The commission is headed by the Prosecutor General Andrei Shved. Its members include the heads of security agencies, representatives of state media, and public organizations. Human rights defenders and independent lawyers strongly criticize the commission's activities, pointing to the lack of legal safety guarantees for those who choose to return.

== Legal regulation and powers ==
The commission was created by Presidential Decree No. 25 "On the consideration of appeals of citizens of the Republic of Belarus located abroad on issues of the commission of offenses by them."

According to the document, citizens who committed offenses related to socio-political events between January 1, 2020, and the time of their appeal, and who wish to return to Belarus, can apply to the commission. The mandatory conditions for the appeal include:
- genuine repentance for what was done;
- readiness to make a public apology;
- readiness to compensate for the damage caused;
- a pledge to uphold the Constitution of Belarus and respect state symbols.

Following the review, the commission may decide to inform the citizen about the absence of claims from security agencies or recommend changing the preventive measure to a more lenient one. However, the final procedural decision strictly remains with the investigative authorities and the courts.

Initially, the term of the commission's work was limited to December 31, 2023, but it was later extended. On October 17, 2024, Aleksandr Lukashenko signed Decree No. 397, which made the commission's activities permanent. Additionally, by Lukashenko's personal order, the commission was granted the right to consider appeals from citizens located not only abroad but also within the territory of Belarus.

== Composition ==
The commission consists of about 30 people, including the heads of security structures, deputies, representatives of state media, and pro-government public associations.

- Chairman: Andrei Shved (Prosecutor General).
- Deputy Chairmen: Valery Haidukevich and Aliaksei Stuk.
- Members of the commission:
  - Security bloc: Ivan Kubrakou (Ministry of Internal Affairs), Ivan Tertel (KGB), Dzmitry Hara (Investigative Committee), Anatol Lapo (State Border Committee).
  - State propagandists and media managers: Ryhor Azaronak, Andrei Mukavozchyk, Vadzim Hihin, Marat Markau, Ivan Ejsmant.
  - Other notable figures: Sergei Aleinik (MFA), Dzmitry Baskau (member of the Council of the Republic), Yury Vaskrasenski (political analyst), Volha Shpileuskaya (Belarusian Women's Union).

In August 2025, former presidential candidate Hanna Kanapatskaya was included in the commission.

== Results of activity ==
According to data from the Prosecutor General's Office, as of October 2025, the commission had received 323 appeals, of which 70 were considered on their merits. About 30 applicants received a positive decision, and effectively 30 people returned to Belarus (as of October 2025).

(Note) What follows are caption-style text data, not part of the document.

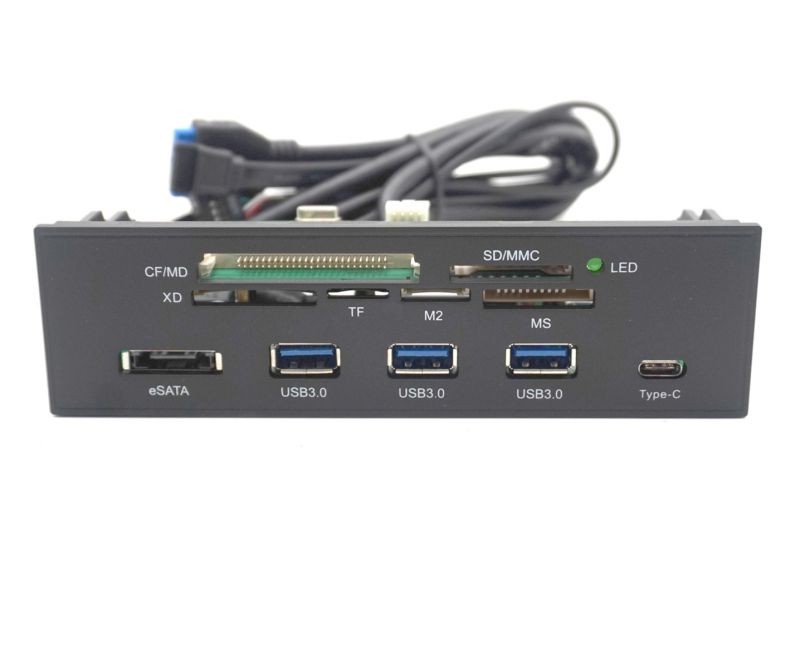Plugadget 5.25" Internal Card Reader Media Multi-Function Dashboard PC Front Panel Type-C USB 3.1 USB 3.0 Support CF XD MS M2 TF SD card reader smart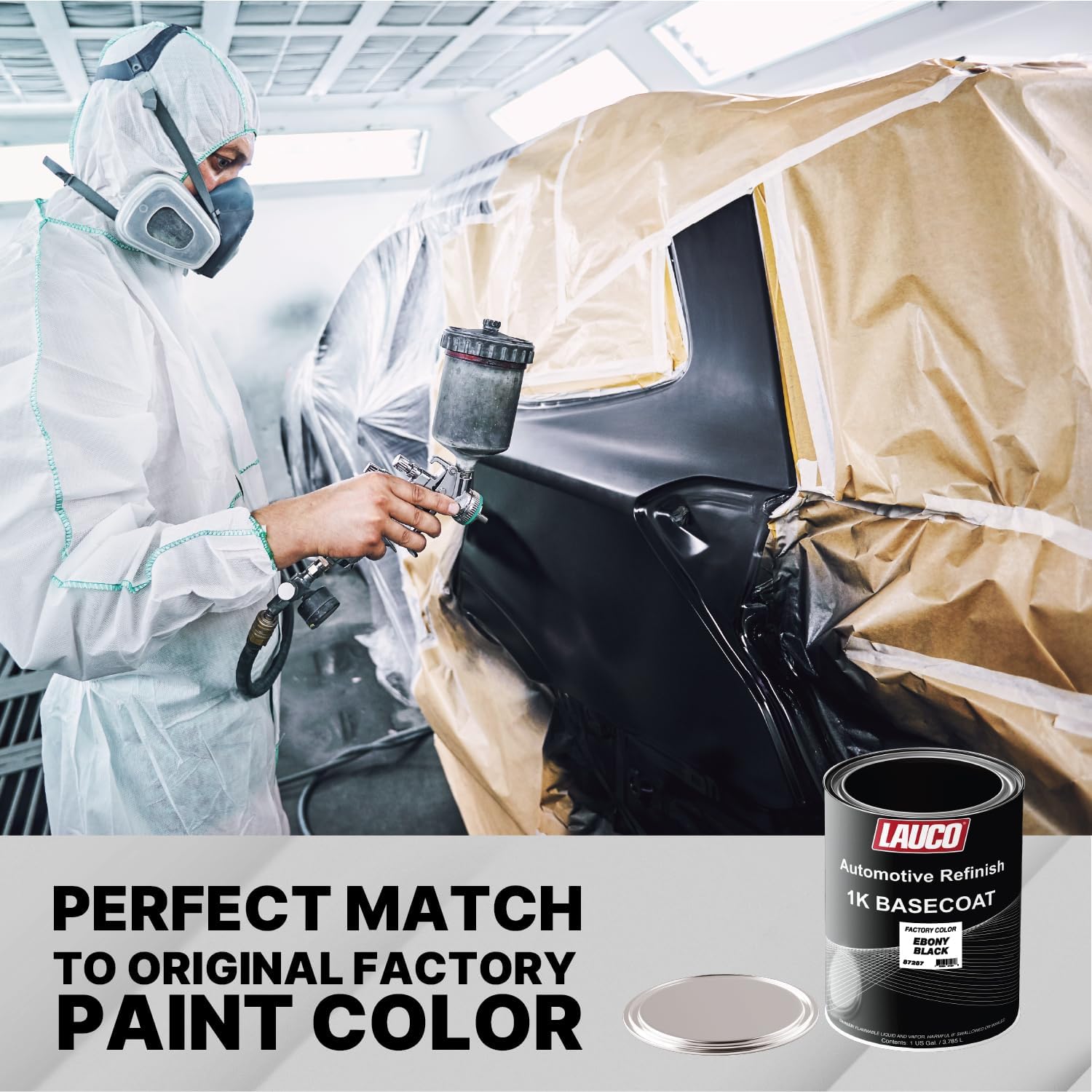 LAUCO Black 1K Basecoat Automotive Paint – Factory Color Match Ebony – 1 Gallon – Spray Gun Ready – Deep Black Finish – Mixing Ratio 1:1 – Auto Body Refinish- 87287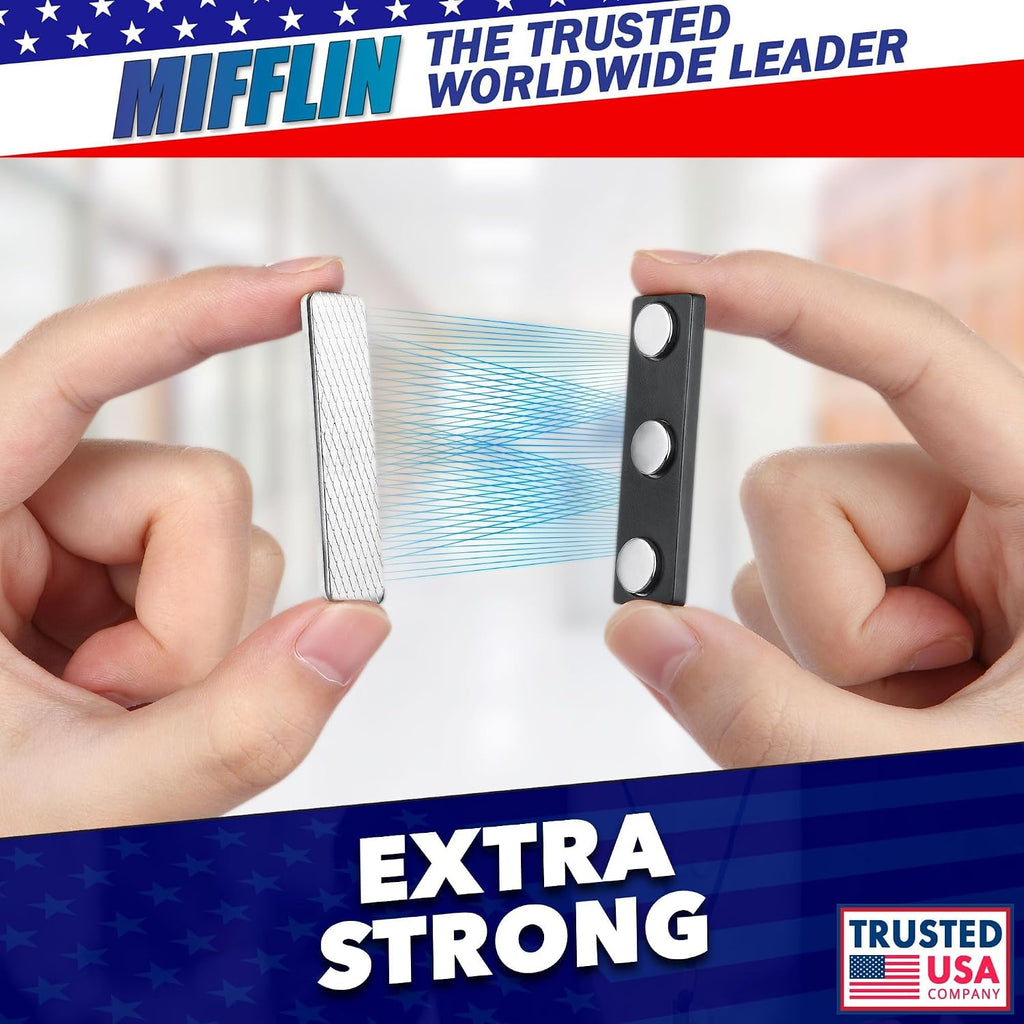 Magnetic Name Badge Holders - 50 Pack - 3x4 inches Zipperless Horizontal ID Badge Sleeves + Strong Magnet Plates for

Among those who returned or received permission to resume their professional activities were football players Stanislaw Drahun and Andrey Khachaturyan, whom the commission allowed to return to professional sports. State media also reported an appeal to the commission from political activist Uladzimir Usier (Lazarau), but he passed away in exile before receiving an answer.

== Criticism ==
The commission's activities have been widely criticized for legal uncertainty. Independent lawyers note that the commission's decisions have no imperative power over investigative bodies and courts, and security guarantees depend entirely on the personal decision of the Prosecutor General. Human rights defenders have documented cases where citizens who returned to Belarus (including after communicating with security forces) were detained and sentenced under criminal articles. A well-known case is that of Aliaksandr Kulikou, who returned under guarantees of not being taken into custody, but was ultimately sentenced to imprisonment.

It has also been noted that the authorities practice psychological pressure on the relatives of political emigrants remaining in Belarus to force the exiles to appeal to the commission.